Either the evil that we see in the world was introduced by an act of human freedom, by “a grave sin of pride and disobedience”, as stated in the Catechism of Saint Pius X, or evil coincides with the creation itself and therefore “is of God and in God”, as Hegel says. Tertium non datur.
In the words of the beloved apostle in his second letter, we can say (cf. 2 Jn  9): Either you remain in the doctrine of Christ and thus remain in God or you go beyond and you fall into gnosticism or gnosis, or rather, as is more accurate to say, into false gnosis.
 
 
Historical note*
Original sin was the first dogmatic question addressed by the Council of Trent. The impetus to deal with it came on  21 May 1546 from the papal legates Del Monte, Pole and Cervini, who were exclusively entitled to propose the topics. Of course, by re-emphasing the doctrine of original sin it was intended to blunt the errors in its regard that the Protestants had borrowed from the Gnostics and Pelagians. According to the procedure of the progress of work, the issue was first discussed in the “congregation of theologians”, convened early in the morning (5am!) on 24 May. Thirty-two in number, almost all belonging to the great religious orders, the theologians ended the debate the following day. On 28 May the “general congregation” took place, that is the meeting of the Council fathers with the right to vote, in which Del Monte introduced the basic outline to the fathers. They worked on it from 31 May to 5 June, in successive general congregations. The first draft of the decree – prepared with the help of some bishops and theologians, by the legates themselves, who had pledged themselves to use only expressions already approved by the councils and Catholic doctors – appeared on 8 June. After a few adjustments were made to it, the definitive text of the decree was promulgated on 17 June 1546, in the fifth solemn session of the Council, held in Trent, in the Cathedral of San Vigilio.
 
* By Lorenzo Cappelletti, published in 30Giorni, No 1, January 1994, p. 71.
 
 
 
 
 
Decretum de peccato originali
Ut fides nostra catholica, «sine qua impossibile est placere Deo» (Eb 11, 6), purgatis erroribus in sua sinceritate integra et illibata permaneat, et ne populus christianus «omni vento doctrinae circumferatur» (Ef 4, 14), cum serpens ille antiquus, humani generis perpetuus hostis, inter plurima mala, quibus Ecclesia Dei his nostris temporibus perturbatur, etiam de peccato originali eiusque remedio non solum nova, sed etiam vetera dissidia excitaverit: sacrosancta oecumenica et generalis Tridentina Synodus in Spiritu Sancto legitime congregata, praesidentibus in ea eisdem tribus Apostolicae Sedis legatis, iam ad revocandos errantes et nutantes confirmandos accedere volens, sacrarum Scripturarum et sanctorum Patrum ac probatissimorum conciliorum testimonia et ipsius Ecclesiae iudicium et consensum secuta, haec de ipso peccato originali statuit, fatetur ac declarat:
 
1. Si quis non confitetur, primum hominem Adam, cum mandatum Dei in paradiso fuisset transgressus, statim sanctitatem et iustitiam, in qua constitutus fuerat, amisisse incurrisseque per offensam praevaricationis huiusmodi iram et indignationem Dei atque ideo mortem, quam antea illi comminatus fuerat Deus, et cum morte captivitatem sub eius potestate, «qui mortis» deinde «habuit imperium, hoc est diaboli» (Eb 2, 14), totumque Adam per illam praevaricationis offensam secundum corpus et animam in deterius commutatum fuisse: anathema sit.

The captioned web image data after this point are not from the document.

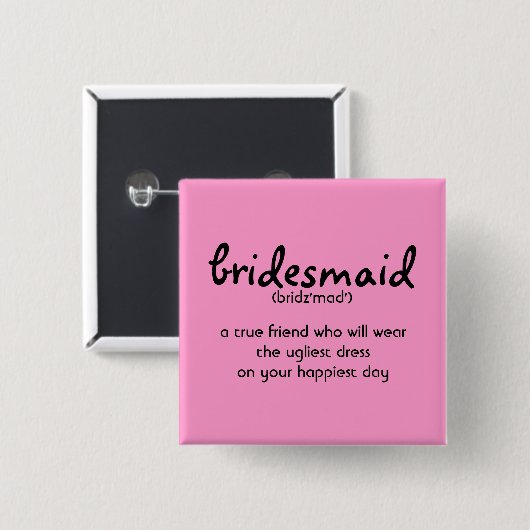 Bridesmaid Button (Voorkant /achterkant)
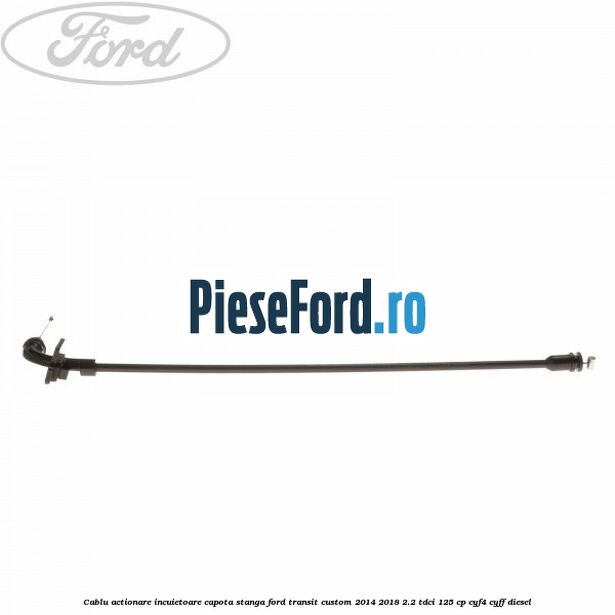 Cablu actionare incuietoare capota stanga Ford Transit Custom 2014-2018 2.2 TDCi 125 cp CYF4, CYFF diesel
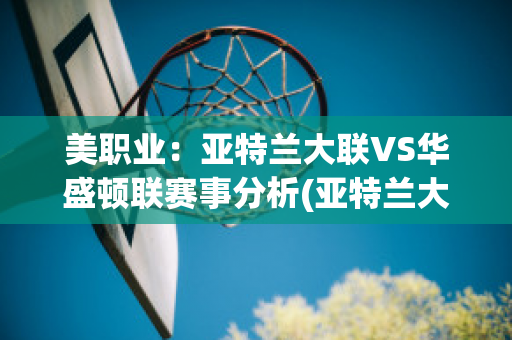 美职业：亚特兰大联VS华盛顿联赛事分析(亚特兰大联vs华盛顿联直播)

2. Si quis Adae praevaricationem sibi soli et non eius propagini asserit nocuisse, acceptam a Deo sanctitatem et iustitiam, quam perdidit, sibi soli et non nobis etiam eum perdidisse; aut inquinatum illum per inoboedientiae peccatum mortem et poenas corporis tantum in omne genus humanum transfudisse, non autem et peccatum, quod mors est animae: anathema sit, cum contradicat Apostolo dicenti: «Per unum hominem peccatum intravit in mundum, et per peccatum mors, et ita in omnes homines mors pertransiit, in quo omnes peccaverunt» (Rm 5, 12).
 
 
Decree concerning original sin
That our Catholic faith, “without which it is impossible to please God” (Heb 11, 6), may, errors being purged away, continue in its own perfect and spotless integrity, and that the Christian people may not “be carried about with every wind of doctrine” (Eph 4, 14); whereas that old serpent, the perpetual enemy of mankind, amongst the very many evils with which the Church of God is in these our times troubled, has also stirred up not only new, but even old, dissensions touching original sin, and the remedy thereof; the sacred and holy, ecumenical and general Synod of Trent – lawfully assembled in the Holy Ghost, the three same legates of the Apostolic See presiding therein – wishing now to come to the reclaiming of the erring, and the confirming of the wavering – following the testimonies of the Sacred Scriptures, of the holy Fathers, of the most approved councils, and the judgment and consent of the Church itself, ordains, confesses, and declares these things touching the said original sin:
 
1. If any one does not confess that the first man, Adam, when he had transgressed the commandment of God in Paradise, immediately lost the holiness and justice wherein he had been constituted; and that he incurred, through the offence of that prevarication, the wrath and indignation of God, and consequently death, with which God had previously threatened him, and, together with death, captivity under his power who thenceforth “had the empire of death, that is to say, the devil” (Heb 2, 14), and that the entire Adam, through that offence of prevarication, was changed, in body and soul, for the worse; let him be anathema.
 
2. If any one asserts, that the prevarication of Adam injured himself alone, and not his posterity; and that the holiness and justice, received of God, which he lost, he lost for himself alone, and not for us also; or that he, being defiled by the sin of disobedience, has only transfused death, and pains of the body, into the whole human race, but not sin also, which is the death of the soul; let him be anathema: whereas he contradicts the apostle who says; “By one man sin entered into the world, and by sin death, and so death passed upon all men, because (in him) all have sinned” (Rm 5, 12).